Malachi 4:2 But unto you that fear my name shall the Sun of righteousness arise with healing in his wings; and ye shall go forth, and grow up as calves of the stall.

Sun of righteousness. The Sun of righteousness is none other than the Lord Jesus Christ returning to His world in its darkest night. He is “the light of the world” (John 8:12), both physically (“upholding all things by the word of His power”—Hebrews 1:3) and spiritually (“the light of the knowledge of the glory of God in the face of Jesus Christ”—2 Corinthians 4:6).

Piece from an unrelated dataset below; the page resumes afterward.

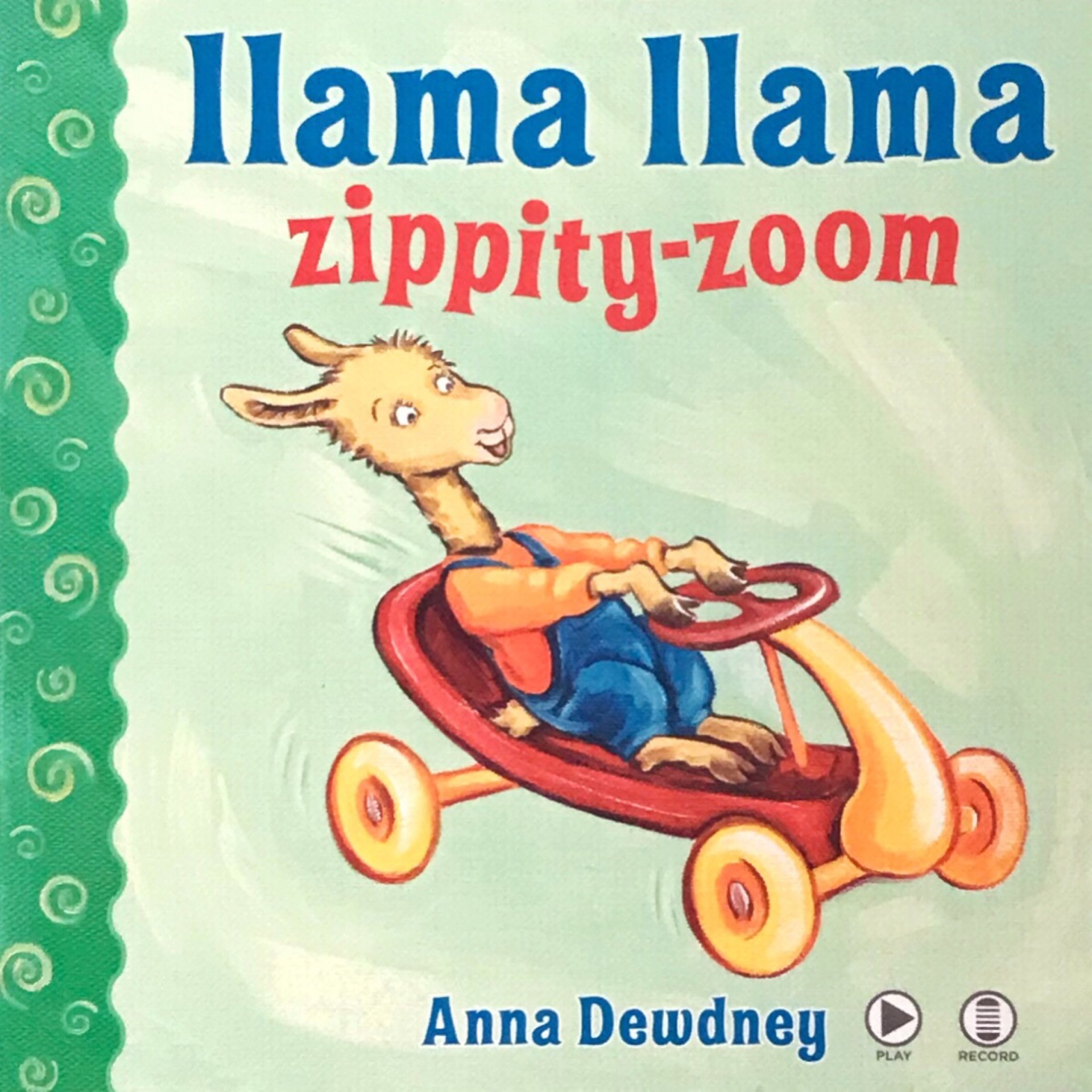 llama llama zippity-zoom系列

healing in his wings. This is the normal Hebrew word for “wings,” but it could possibly be understood as “rays,” since it is translated various ways and seems to have the basic meaning of “projecting.”

Malachi 4:3 And ye shall tread down the wicked; for they shall be ashes under the soles of your feet in the day that I shall do this, saith the LORD of hosts.

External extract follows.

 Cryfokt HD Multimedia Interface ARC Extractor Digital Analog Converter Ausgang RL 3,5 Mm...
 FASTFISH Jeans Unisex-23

Malachi 4:4 Remember ye the law of Moses my servant, which I commanded unto him in Horeb for all Israel, with the statutes and judgments.

Malachi 4:5 Behold, I will send you Elijah the prophet before the coming of the great and dreadful day of the LORD:

Elijah the prophet. Elijah was taken into heaven without dying (2 Kings 2:11), and is apparently one of “the two anointed ones, that stand by the Lord of the whole earth” (Zechariah 4:14), who will return to the earth as one of God's two witnesses in the first half of the seven-year tribulation period of the end-times (Revelation 11:3-4). Although many have assumed this prophecy was fulfilled by John the Baptist, John himself said he was not Elijah, and had not come for that purpose (John 1:21). The Lord Jesus said that “Elias [same as Elijah] truly shall first come, and restore all things” (Matthew 17:11). John did, indeed, come “in the spirit and power of Elias,” (Luke 1:17), but he was only that—not Elijah himself. Elijah must yet return to complete his unfinished prophetic ministry just “before the coming of the great and dreadful day of the Lord,” which is still future. See also Zechariah 4:14; notes on Matthew 17:10-13; and notes on Revelation 11:3-4.

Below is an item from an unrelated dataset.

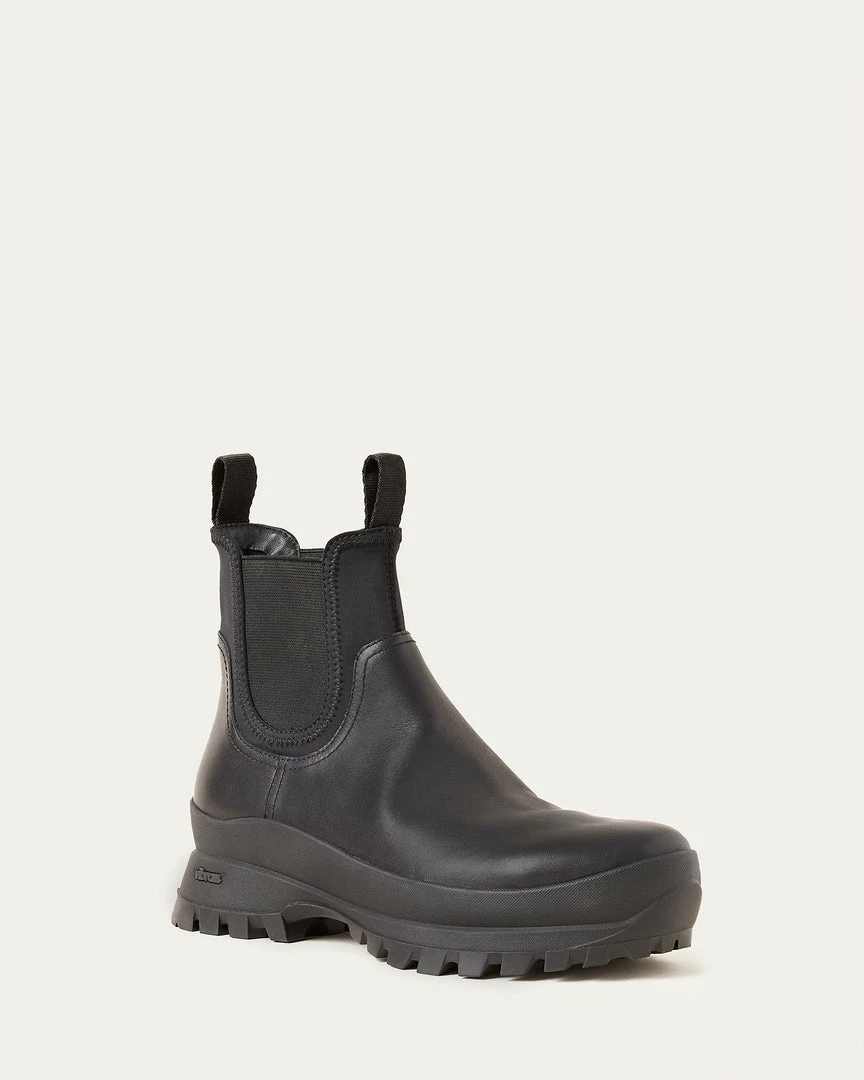 Loeffler Randall Tara Black Weather Boot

Malachi 4:6 And he shall turn the heart of the fathers to the children, and the heart of the children to their fathers, lest I come and smite the earth with a curse.

children to their fathers. This type of ministry was attempted by John, in the spirit and power of Elijah (Luke 1:17), and he did gain some converts, including some who would later be among the twelve apostles. But he, like Christ, was rejected by the nation as a whole, and eventually put to death. When Elijah returns for his three and one-half year ministry in the last days, especially to Israel, it is likely the Lord will use his testimony and influence to call out the 144,000 Israeli evangelists and teachers who will minister during that period (Revelation 7:1-8; 14:1-5).

a curse. This word, which is not the usual Hebrew word for “curse,” conveys the idea of utter destruction. Thus the return of Elijah, with all the warnings and plagues he calls forth on the earth, will be ill received by the world as a whole (the people will rejoice over his death—Revelation 11:10), and so it will be followed by “the great and dreadful day of the Lord” and, finally, by utter destruction of the whole world system, replacing it by the Messianic kingdom of Christ Himself.